NVIDIA has reportedly named the top desktop graphics card based on its upcoming 28 nm GK104 GPU GeForce GTX 670 Ti. The GK104 is a spiritual-successor to GF114 (which in-turn, to GF104), and NVIDIA is eager to get this part out fast, so it could consolidate on the performance thru high-end segment, before it's certain that it won't face issues with its foundry partners, so it could go ahead and launch parts based on the GK110. Interestingly, NVIDIA chose to name the highest-performing GK104-based SKU GTX 670 Ti and not GTX 660 Ti, probably indicating that this part will perform competitively with high-end parts out in the market today, including AMD's recently-launched Radeon HD 7000 series.

Speaking of performance, sources told SweClockers that they expect the GeForce GTX 670 Ti to outperform GeForce GTX 580 and Radeon HD 7950. Its specifications doing rounds on the web suggest it has a radically different number-crunching machinery. Industry analyst DigiTimes recently pinned launches of GeForce Kepler family to begin in April, though we're hearing there will be substantial activity surrounding these GPUs in March.

*View at TechPowerUp Main Site*


----------



## ZoneDymo (Feb 21, 2012)

The should seriously slap the people that make up the names.
What is up with that "Ti" bullshit?
Stop trying to make stuff more complex than it has to be.


----------



## dj-electric (Feb 21, 2012)

I Agree, i was hoping the GTX560 Ti was a one time thing. this is so pointless, like they lack of branding solutions
what is wrong with something like:
GT620
GT640
GTS650
GTX660
GTX670
GTX680
?
Need another GPU between the GTX660 and the GTX670? call it GTX665


----------



## Kookie (Feb 21, 2012)

*Sigh...*



ZoneDymo said:


> The should seriously slap the people that make up the names.
> What is up with that "Ti" bullshit?
> Stop trying to make stuff more complex than it has to be.

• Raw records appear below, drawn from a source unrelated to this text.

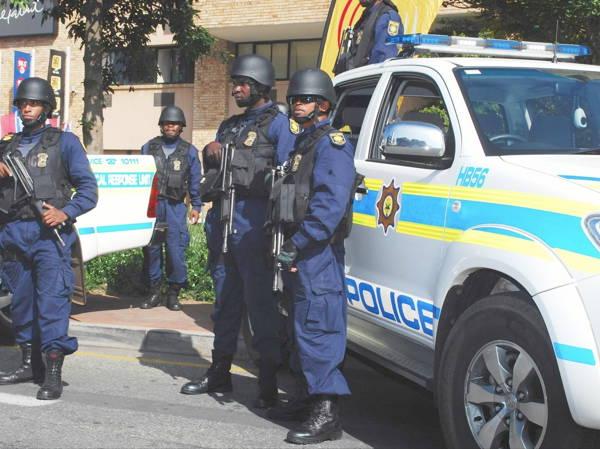 South African police discover multimillion-dollar meth lab on farm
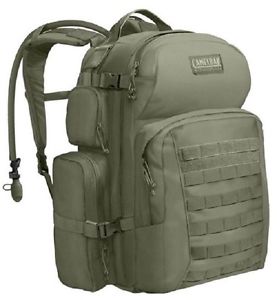 US CamelBak BFM 500 Army Military SWAT Hydration pack Backpack foliage green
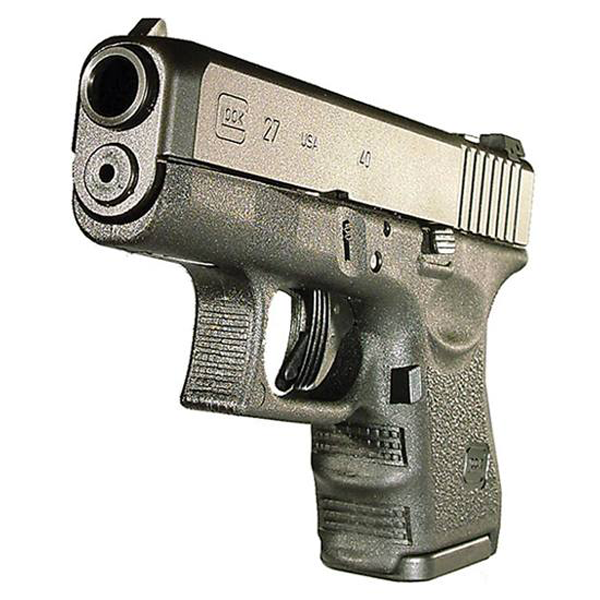 GLK 27 GEN3 40SW FXD USA 9 - Handguns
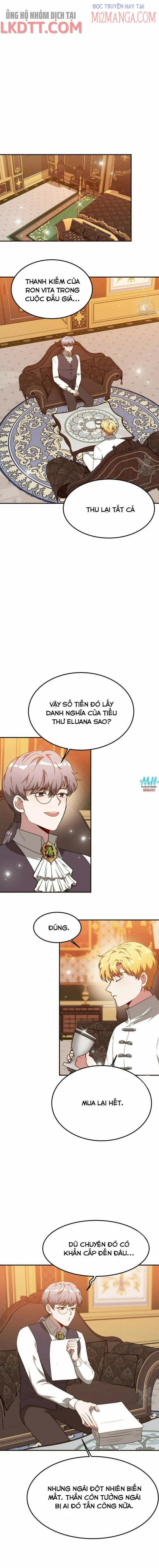 Công Chúa Bị Lãng Quên Muốn Sống Trong Hòa Bình 13.5 trang 0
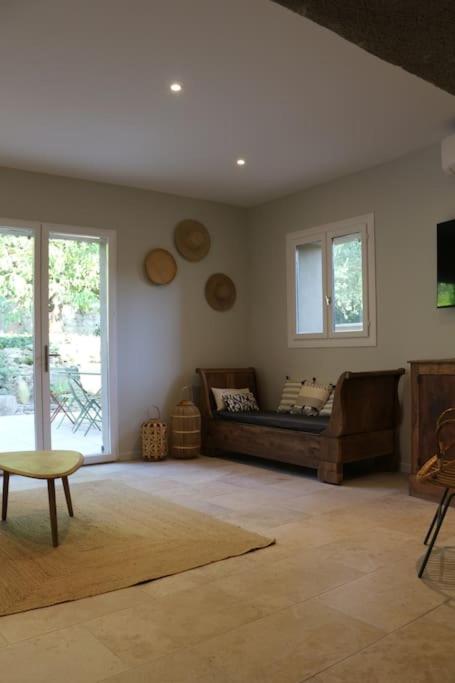 L'Echauguette, villa de luxe avec piscine au pied de la Cité - Villa mit 3 Schlafzimmern - 6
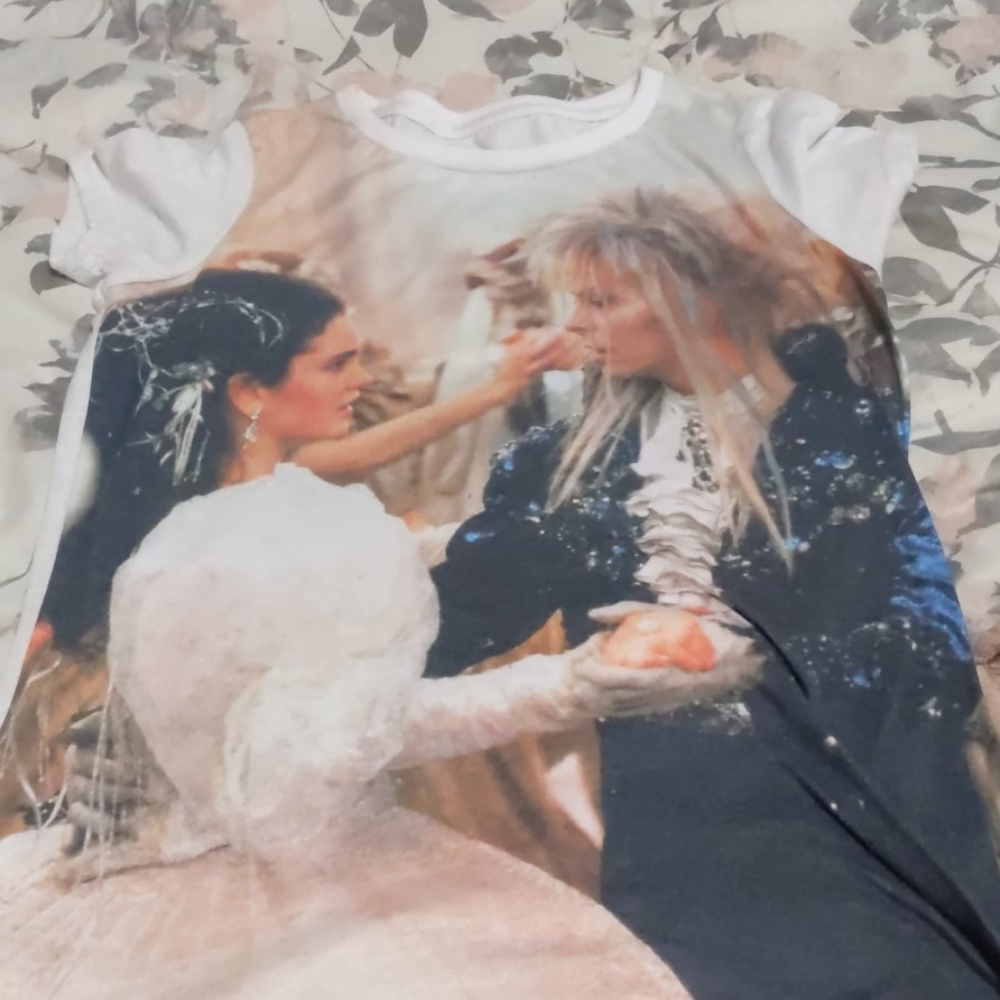 Labyrinth T-shirt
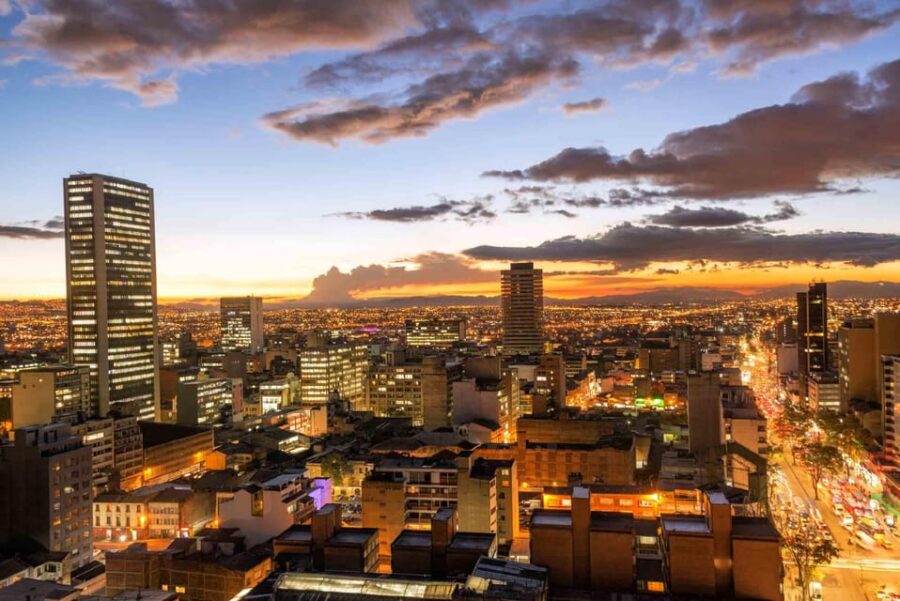 Bogota to Pereira (Or Vice Versa) – Private Transport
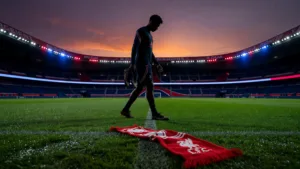 Bradley Barcola refuse de prolonger au PSG : Liverpool prépare une offre massive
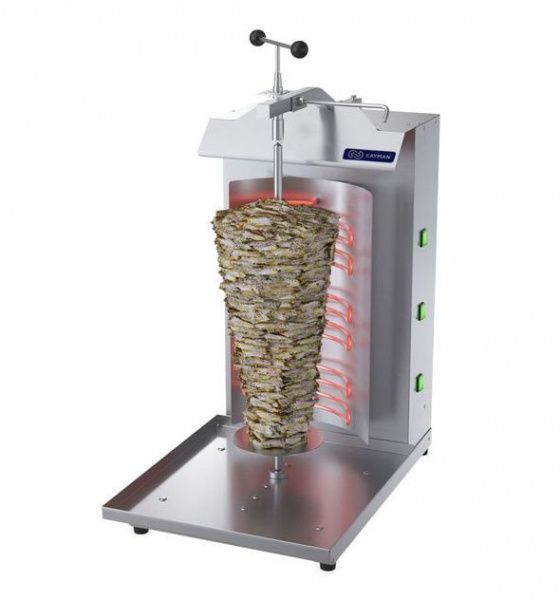 Аппарат для шаурмы Kayman ШЭ-ОЦ-3-РП А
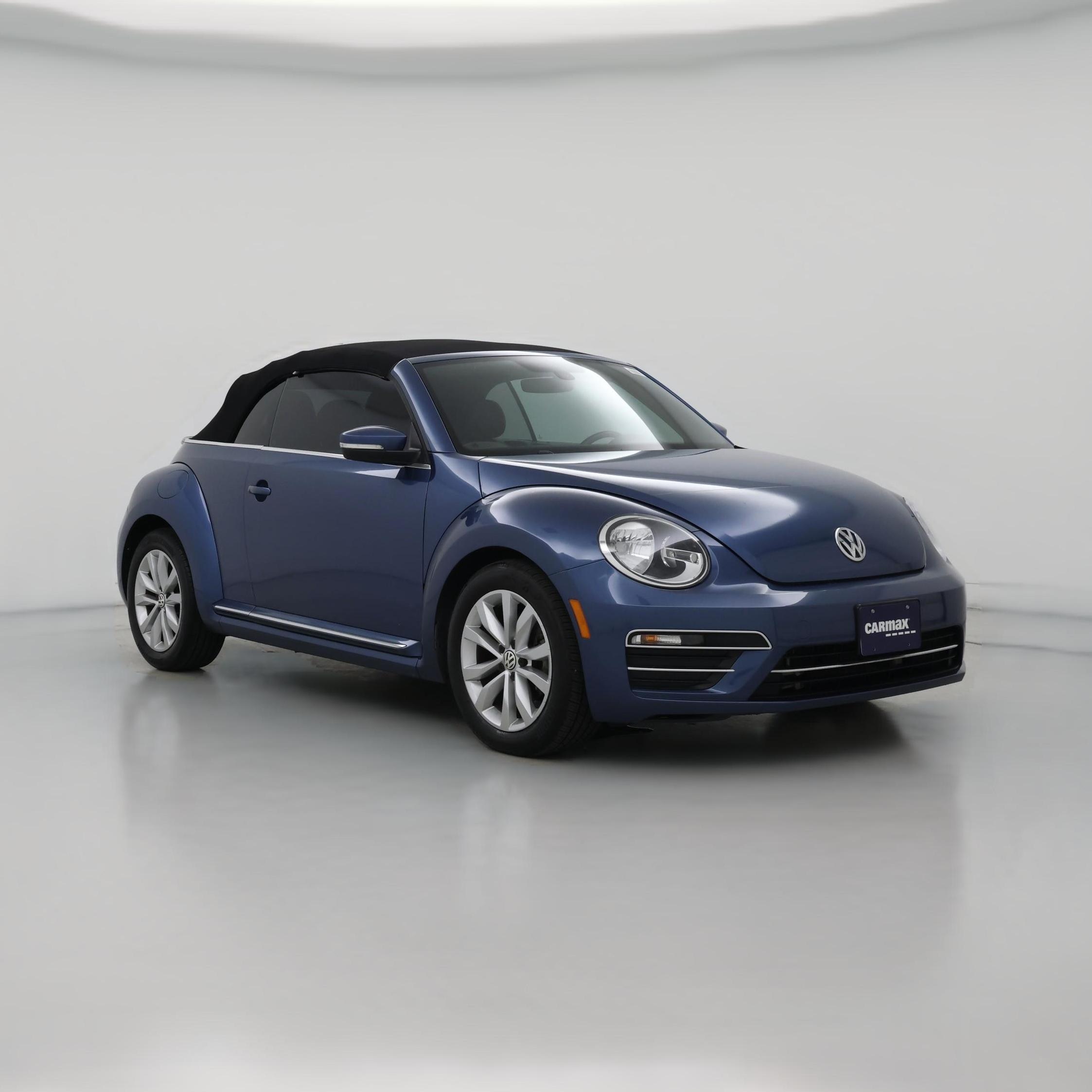 Thumbnail: 2017 Volkswagen Beetle - 1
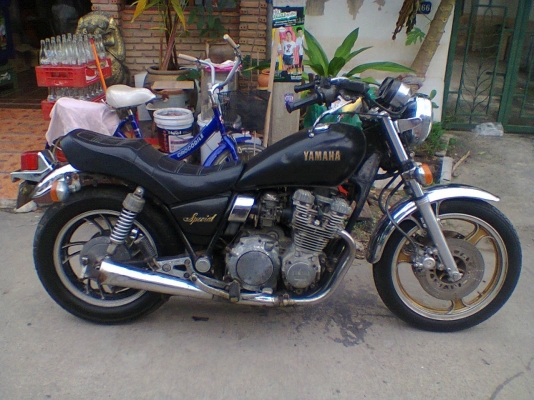 ขาย yamaha xj650 special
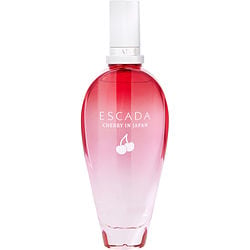 Escada Cherry In Japan by Escada EDT SPRAY 3.4 OZ (LIMITED EDITION) *TESTER for WOMEN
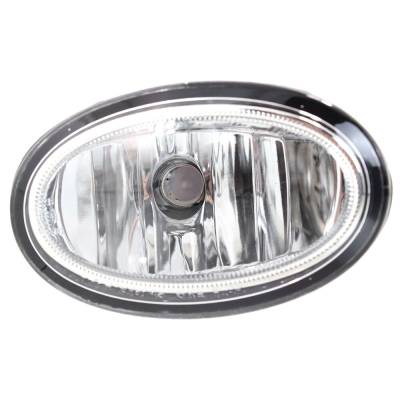 Rareelectrical - New Right Fog Lights Compatible With Honda Cr-V Ex-L Lx Touring Sport Utility 1.5L 1.8L 2.4L 2016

Were you born the last decade or something? The Ti suffix has been around since the Geforce 3 days. It's not Nvidia's fault if you are overwhelm by something so simple.


----------



## 1c3d0g (Feb 21, 2012)

LMAO...well said!


----------



## hardcore_gamer (Feb 21, 2012)

What do they call the GK110 cards ? GTX 680 Ti and GTX680 ?


----------



## LiveOrDie (Feb 21, 2012)

>_< give me GTX 680 to cream HD 7970 why release a slower card poo.


----------



## btarunr (Feb 21, 2012)

Live OR Die said:


> >_< give me GTX 680 to cream HD 7970 why release a slower card poo.



Because the crown chip of this series is not ready.


----------



## Red_Machine (Feb 21, 2012)

Kookie said:


> Were you born the last decade or something? The Ti suffix has been around since the Geforce 3 days. It's not Nvidia's fault if you are overwhelm by something so simple.



It actually first appeared with the GeForce2 Ti a year earlier.


----------



## NC37 (Feb 21, 2012)

So they are shifting the 104 number to the 70 series now. Probably a good move. Maybe, each GPU is going to be suitable for 2 performance levels. But I sure as heck hope NV allows more than dual SLI on their midrange.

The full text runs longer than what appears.